[EXERCISE DESCRIPTION] The copy must run from the line containing "Bunte Alphabet Herz" through the final line of the records, both included, exactly as written. It should contain no pictures.

[SUPPLIED MATERIAL]
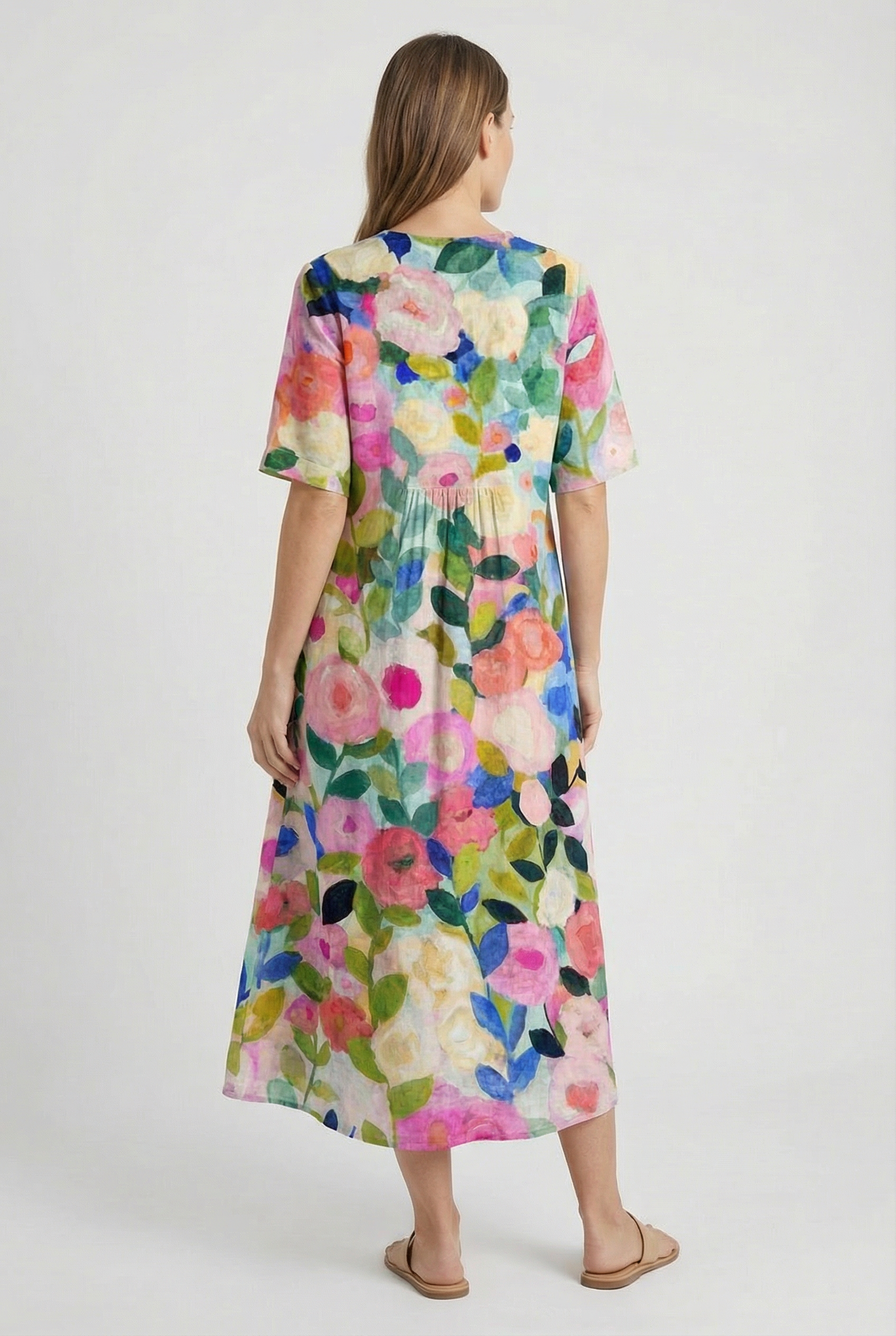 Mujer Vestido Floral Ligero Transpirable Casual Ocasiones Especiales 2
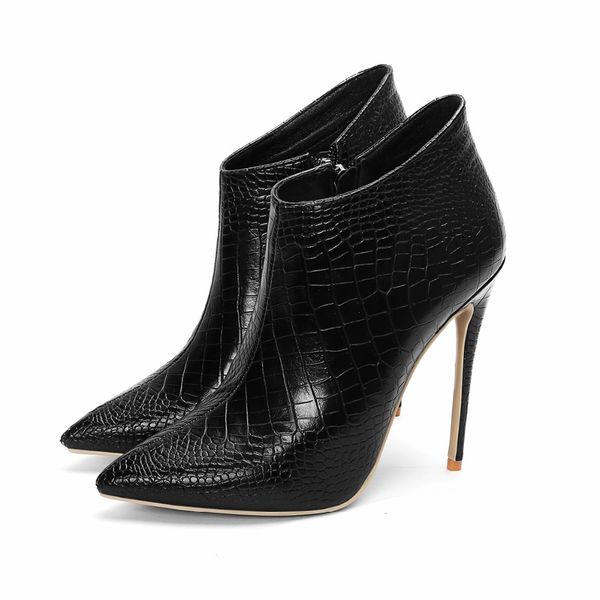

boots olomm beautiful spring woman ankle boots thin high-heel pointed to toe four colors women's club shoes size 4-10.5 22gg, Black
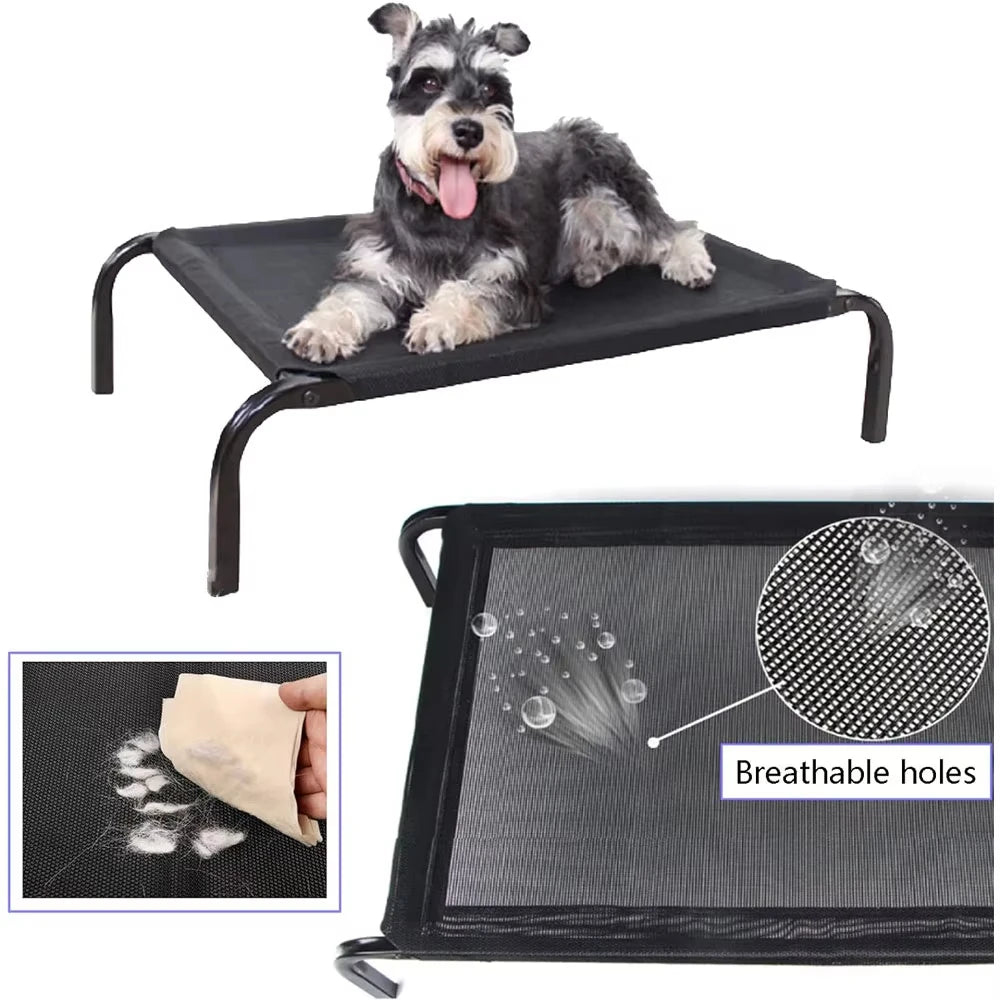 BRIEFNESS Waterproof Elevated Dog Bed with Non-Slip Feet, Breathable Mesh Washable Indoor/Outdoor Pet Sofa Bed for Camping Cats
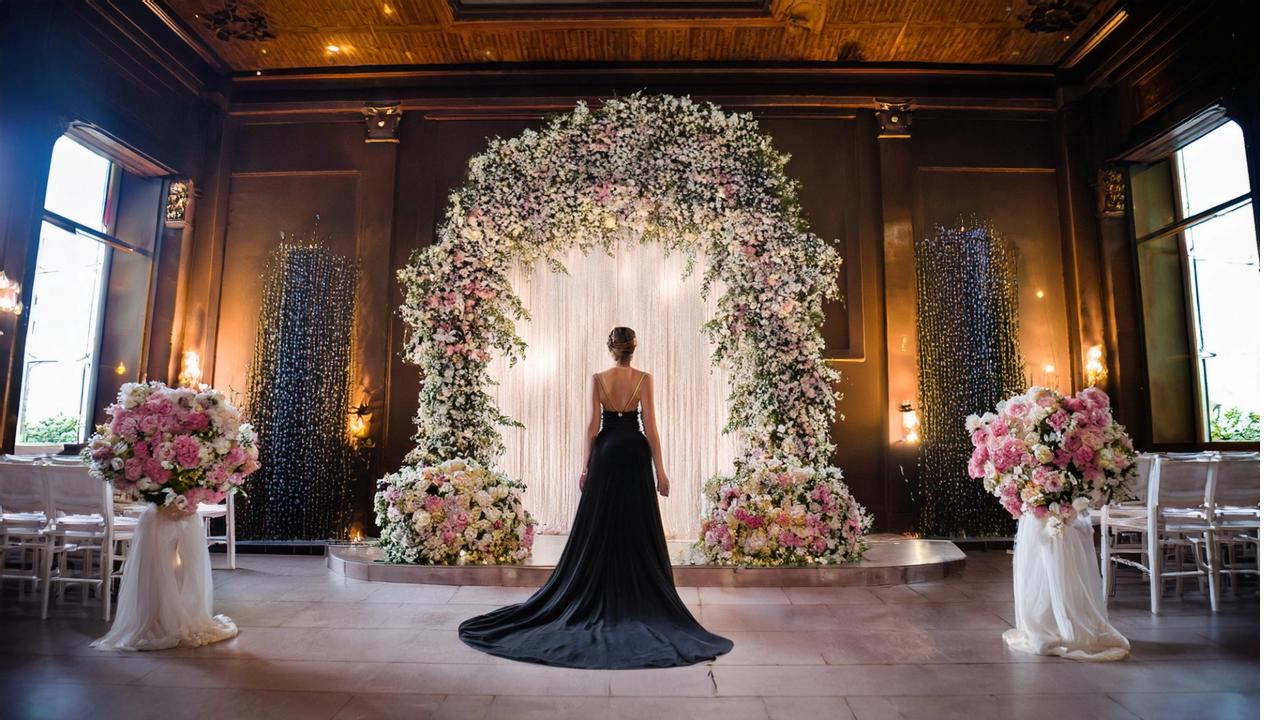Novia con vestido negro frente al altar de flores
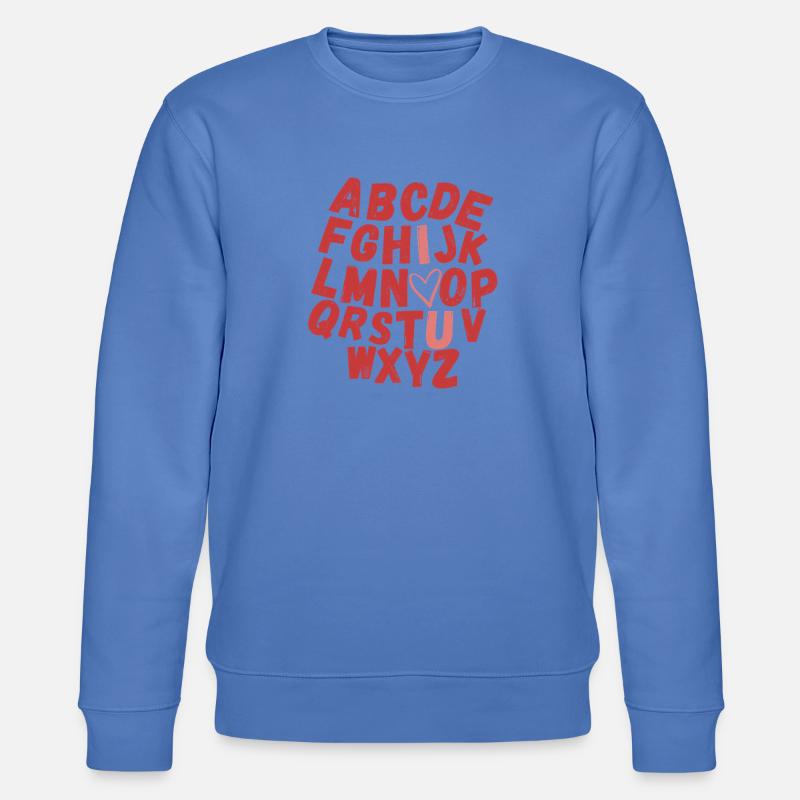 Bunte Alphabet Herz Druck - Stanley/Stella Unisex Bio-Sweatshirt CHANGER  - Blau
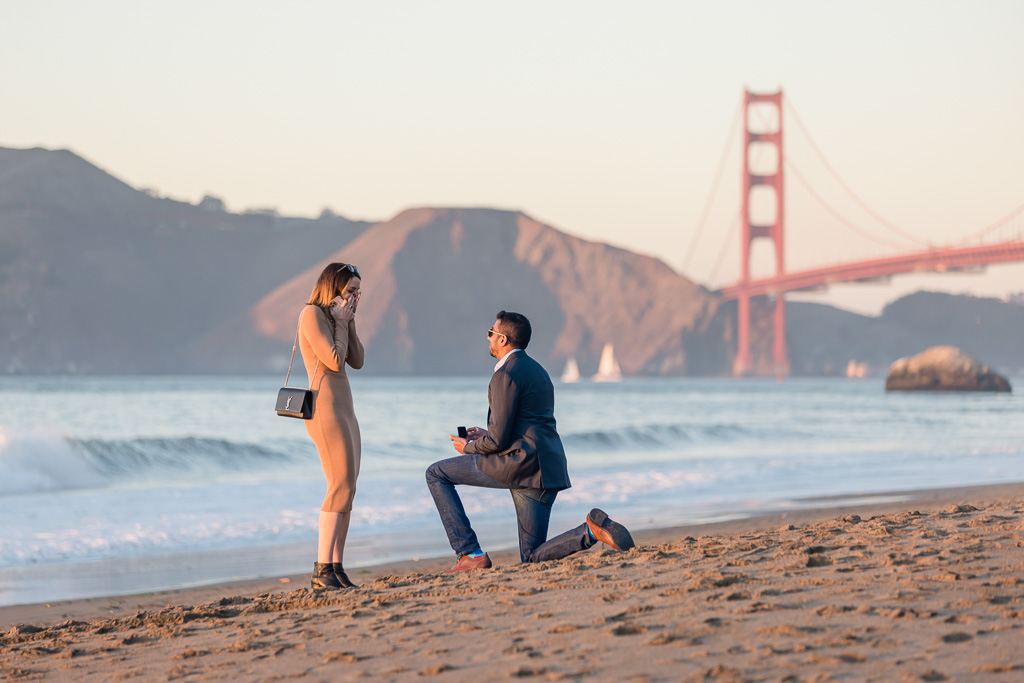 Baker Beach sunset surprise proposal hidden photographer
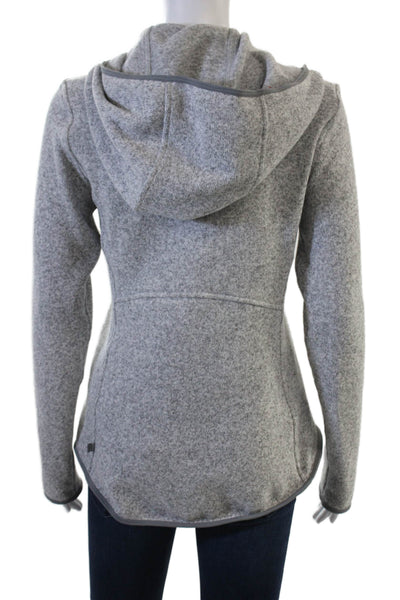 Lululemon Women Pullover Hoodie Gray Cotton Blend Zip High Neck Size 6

[TASK RESULT]
 Bunte Alphabet Herz Druck - Stanley/Stella Unisex Bio-Sweatshirt CHANGER  - Blau
 Baker Beach sunset surprise proposal hidden photographer
 Lululemon Women Pullover Hoodie Gray Cotton Blend Zip High Neck Size 6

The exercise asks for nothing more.